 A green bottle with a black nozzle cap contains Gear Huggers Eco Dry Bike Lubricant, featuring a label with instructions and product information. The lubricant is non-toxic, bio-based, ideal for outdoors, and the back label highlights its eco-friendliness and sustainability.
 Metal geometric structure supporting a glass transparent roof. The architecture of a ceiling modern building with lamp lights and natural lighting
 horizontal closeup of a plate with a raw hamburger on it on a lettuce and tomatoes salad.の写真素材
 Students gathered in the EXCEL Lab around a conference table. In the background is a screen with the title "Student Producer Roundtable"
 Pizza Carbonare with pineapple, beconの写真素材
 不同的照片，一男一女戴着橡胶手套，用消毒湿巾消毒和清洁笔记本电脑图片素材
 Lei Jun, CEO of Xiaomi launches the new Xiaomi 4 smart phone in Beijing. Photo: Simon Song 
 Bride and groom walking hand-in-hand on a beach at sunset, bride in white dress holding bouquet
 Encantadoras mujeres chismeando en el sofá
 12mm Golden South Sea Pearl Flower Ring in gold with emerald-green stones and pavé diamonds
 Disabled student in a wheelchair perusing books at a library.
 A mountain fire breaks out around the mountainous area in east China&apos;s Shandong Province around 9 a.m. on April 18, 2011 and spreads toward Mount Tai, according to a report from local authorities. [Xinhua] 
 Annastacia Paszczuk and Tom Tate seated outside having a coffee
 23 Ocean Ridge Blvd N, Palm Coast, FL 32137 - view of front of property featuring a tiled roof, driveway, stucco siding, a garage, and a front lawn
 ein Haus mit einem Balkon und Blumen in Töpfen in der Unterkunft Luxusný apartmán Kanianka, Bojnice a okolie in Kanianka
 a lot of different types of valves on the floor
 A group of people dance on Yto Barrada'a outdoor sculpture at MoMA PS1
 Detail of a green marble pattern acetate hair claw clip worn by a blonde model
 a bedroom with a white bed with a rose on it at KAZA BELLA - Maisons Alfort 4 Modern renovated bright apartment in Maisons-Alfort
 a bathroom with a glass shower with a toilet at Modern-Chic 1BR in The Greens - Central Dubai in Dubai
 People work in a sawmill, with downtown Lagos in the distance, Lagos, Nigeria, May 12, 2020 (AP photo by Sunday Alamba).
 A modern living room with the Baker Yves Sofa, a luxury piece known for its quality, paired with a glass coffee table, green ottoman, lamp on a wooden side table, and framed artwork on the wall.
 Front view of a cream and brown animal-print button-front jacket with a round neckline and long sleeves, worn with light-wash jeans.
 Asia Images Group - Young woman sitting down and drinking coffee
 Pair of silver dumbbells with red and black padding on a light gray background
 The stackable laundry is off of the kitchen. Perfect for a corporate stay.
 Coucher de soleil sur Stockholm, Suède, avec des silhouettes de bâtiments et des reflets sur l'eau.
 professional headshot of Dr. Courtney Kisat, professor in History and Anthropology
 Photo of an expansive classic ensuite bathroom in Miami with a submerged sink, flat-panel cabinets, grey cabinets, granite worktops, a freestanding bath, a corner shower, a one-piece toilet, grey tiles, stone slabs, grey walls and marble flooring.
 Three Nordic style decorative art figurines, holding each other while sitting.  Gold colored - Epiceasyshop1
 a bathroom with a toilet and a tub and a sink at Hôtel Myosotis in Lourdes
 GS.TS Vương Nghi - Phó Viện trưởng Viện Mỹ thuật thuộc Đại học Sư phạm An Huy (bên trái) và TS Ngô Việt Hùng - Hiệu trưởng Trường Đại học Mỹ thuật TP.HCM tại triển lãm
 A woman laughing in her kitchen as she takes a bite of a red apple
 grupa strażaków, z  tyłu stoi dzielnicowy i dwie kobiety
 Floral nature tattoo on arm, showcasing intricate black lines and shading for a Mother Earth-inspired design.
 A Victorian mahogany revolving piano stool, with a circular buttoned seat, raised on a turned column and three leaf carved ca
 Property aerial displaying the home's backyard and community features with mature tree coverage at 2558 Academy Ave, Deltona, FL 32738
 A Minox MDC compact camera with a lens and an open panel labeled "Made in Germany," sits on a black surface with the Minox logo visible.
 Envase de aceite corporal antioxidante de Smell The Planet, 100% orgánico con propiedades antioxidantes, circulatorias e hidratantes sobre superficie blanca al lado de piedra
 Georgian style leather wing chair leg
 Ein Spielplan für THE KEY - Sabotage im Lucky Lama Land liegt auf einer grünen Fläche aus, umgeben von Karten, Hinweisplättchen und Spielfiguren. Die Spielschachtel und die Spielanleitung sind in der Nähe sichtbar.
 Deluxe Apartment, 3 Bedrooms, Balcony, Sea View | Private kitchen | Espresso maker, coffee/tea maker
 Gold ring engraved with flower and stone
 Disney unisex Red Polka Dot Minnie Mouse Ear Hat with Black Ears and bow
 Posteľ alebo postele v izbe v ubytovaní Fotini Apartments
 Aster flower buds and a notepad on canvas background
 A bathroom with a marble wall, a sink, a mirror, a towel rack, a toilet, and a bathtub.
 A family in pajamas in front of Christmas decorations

* * * * * * * * *

### YOUR ASSIGNMENT
Working from the data above, extract solely the lines from the one containing "A woman laughing" through the one containing "Posteľ alebo postele", exactly as they appear, both included.

### RESULT FOR THIS EXERCISE
 A woman laughing in her kitchen as she takes a bite of a red apple
 grupa strażaków, z  tyłu stoi dzielnicowy i dwie kobiety
 Floral nature tattoo on arm, showcasing intricate black lines and shading for a Mother Earth-inspired design.
 A Victorian mahogany revolving piano stool, with a circular buttoned seat, raised on a turned column and three leaf carved ca
 Property aerial displaying the home's backyard and community features with mature tree coverage at 2558 Academy Ave, Deltona, FL 32738
 A Minox MDC compact camera with a lens and an open panel labeled "Made in Germany," sits on a black surface with the Minox logo visible.
 Envase de aceite corporal antioxidante de Smell The Planet, 100% orgánico con propiedades antioxidantes, circulatorias e hidratantes sobre superficie blanca al lado de piedra
 Georgian style leather wing chair leg
 Ein Spielplan für THE KEY - Sabotage im Lucky Lama Land liegt auf einer grünen Fläche aus, umgeben von Karten, Hinweisplättchen und Spielfiguren. Die Spielschachtel und die Spielanleitung sind in der Nähe sichtbar.
 Deluxe Apartment, 3 Bedrooms, Balcony, Sea View | Private kitchen | Espresso maker, coffee/tea maker
 Gold ring engraved with flower and stone
 Disney unisex Red Polka Dot Minnie Mouse Ear Hat with Black Ears and bow
 Posteľ alebo postele v izbe v ubytovaní Fotini Apartments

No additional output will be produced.